● **DATASET EXTRACT**:
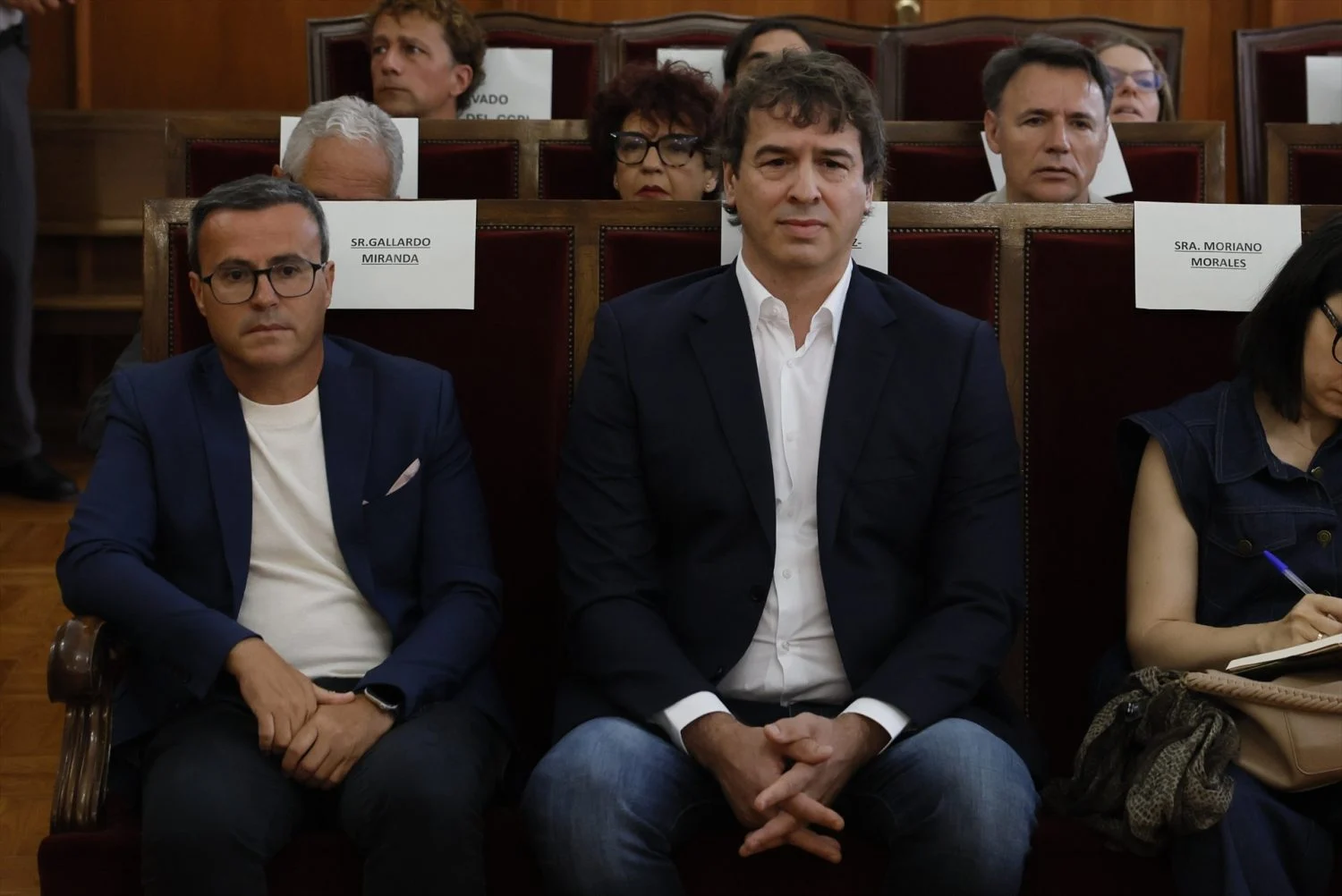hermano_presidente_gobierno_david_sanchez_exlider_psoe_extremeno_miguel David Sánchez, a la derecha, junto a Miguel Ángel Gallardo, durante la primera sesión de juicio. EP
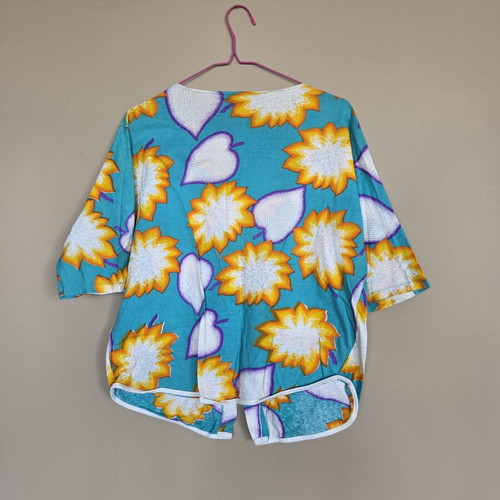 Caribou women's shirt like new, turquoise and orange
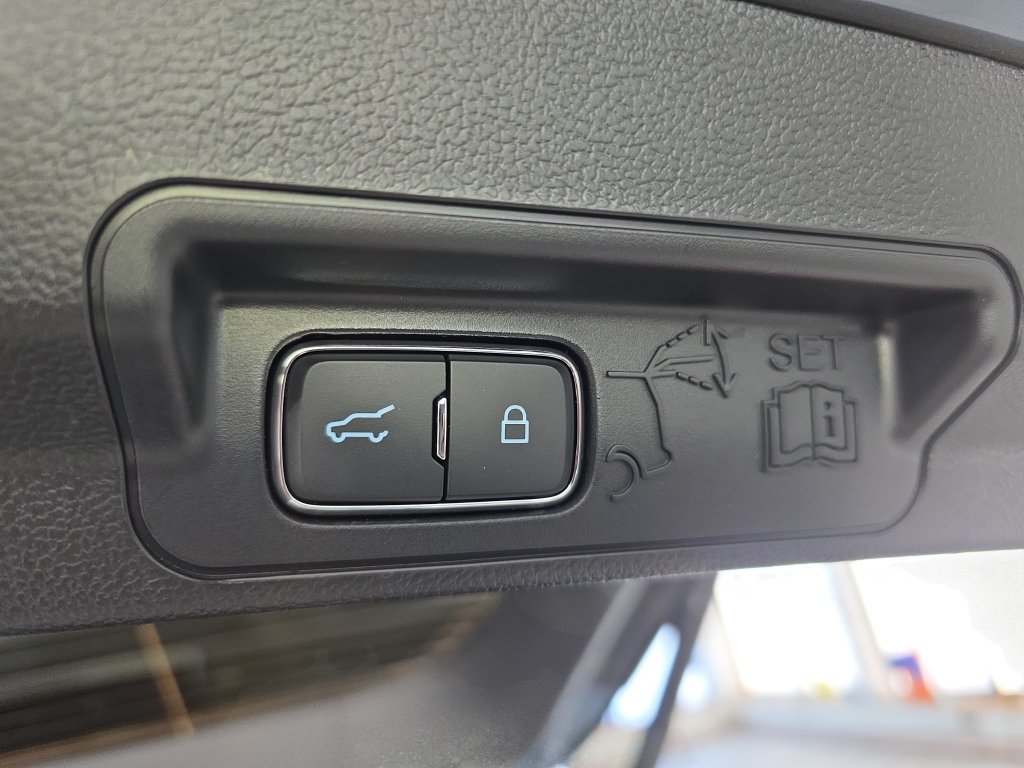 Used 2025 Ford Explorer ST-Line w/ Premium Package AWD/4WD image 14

● **YOUR GOAL**:
Only the pictures are to be dropped; all other material above must be repeated exactly.

● **EXERCISE ANSWER**:
hermano_presidente_gobierno_david_sanchez_exlider_psoe_extremeno_miguel David Sánchez, a la derecha, junto a Miguel Ángel Gallardo, durante la primera sesión de juicio. EP
 Caribou women's shirt like new, turquoise and orange
 Used 2025 Ford Explorer ST-Line w/ Premium Package AWD/4WD image 14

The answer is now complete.